Siamo nella seconda metà degli anni '70, nei cosiddetti "anni di piombo", in un Italia in fibrillazione per le contestazioni studentesche e per il movimento del '77 e in particolare per i fatti del marzo di quell'anno, a Bologna, in cui un giovane studente rimase tragicamente ucciso da un proiettile durante alcuni scontri tra studenti. Si diffondono le radio libere e si inizia a guardare con curiosità alle culture che tanto stavano spopolando negli stati anglofoni: la psichedelia magica del concerto del '69 di Woodstock e la furia distruttiva e anarchica del Punk.
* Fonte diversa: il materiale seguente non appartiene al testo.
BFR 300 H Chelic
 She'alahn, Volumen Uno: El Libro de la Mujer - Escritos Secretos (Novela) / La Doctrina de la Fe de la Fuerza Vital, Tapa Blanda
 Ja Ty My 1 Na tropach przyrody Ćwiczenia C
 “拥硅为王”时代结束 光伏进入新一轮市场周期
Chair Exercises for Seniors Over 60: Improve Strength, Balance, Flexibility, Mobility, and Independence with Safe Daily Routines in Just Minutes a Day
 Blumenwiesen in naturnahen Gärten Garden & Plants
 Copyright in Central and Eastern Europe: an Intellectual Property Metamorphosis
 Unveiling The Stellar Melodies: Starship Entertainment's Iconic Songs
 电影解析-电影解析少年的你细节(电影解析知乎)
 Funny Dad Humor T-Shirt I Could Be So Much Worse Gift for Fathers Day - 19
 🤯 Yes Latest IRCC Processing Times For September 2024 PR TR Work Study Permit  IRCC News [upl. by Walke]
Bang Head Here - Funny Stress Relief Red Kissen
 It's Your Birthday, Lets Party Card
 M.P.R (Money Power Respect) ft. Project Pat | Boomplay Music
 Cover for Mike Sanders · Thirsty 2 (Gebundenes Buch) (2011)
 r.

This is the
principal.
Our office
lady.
In questo ambiente, ancor di più in quell'emilia romagna densa di disordini, che si forma il giovane Vasco Rossi che proprio nel '75 fonda "Punta Radio", una delle tante radio libere che si stavano diffondendo nel territorio. Il Vasco 23enne suona la chitarra e strimpella le canzoni della tradizione melodica italiana e dei grandi cantautori, in particolar modo De Gregori e Battisti e anche De Andrè e Paolo Conte, ma è attratto dalla musica dei gruppi rock come Rolling Stones, Who e Pink Floyd.
L'esordio musicale risale al 1978: "...Ma cosa vuoi che sia una canzone...", questo il nome del primo LP di Vasco, che viene interamente arrangiato dall'amico Gaetano Curreri, leader degli Stadio, che suona anche le tastiere.
L'album, musicalmente parlando, risente tanto della tradizione cantautorale italiana e presenta lo spirito tipico del rock anni '70 made in Italy, per intenderci quello del Rock Progressivo delle Orme, degli Area, del Banco del Mutuo Soccorso e così via. Riguardo i testi, Vasco affronta in maniera ingenua e spensierata l'universo femminile, l'amore e i problemi sociali. Del resto ma che che cosa vuoi che sia una canzone?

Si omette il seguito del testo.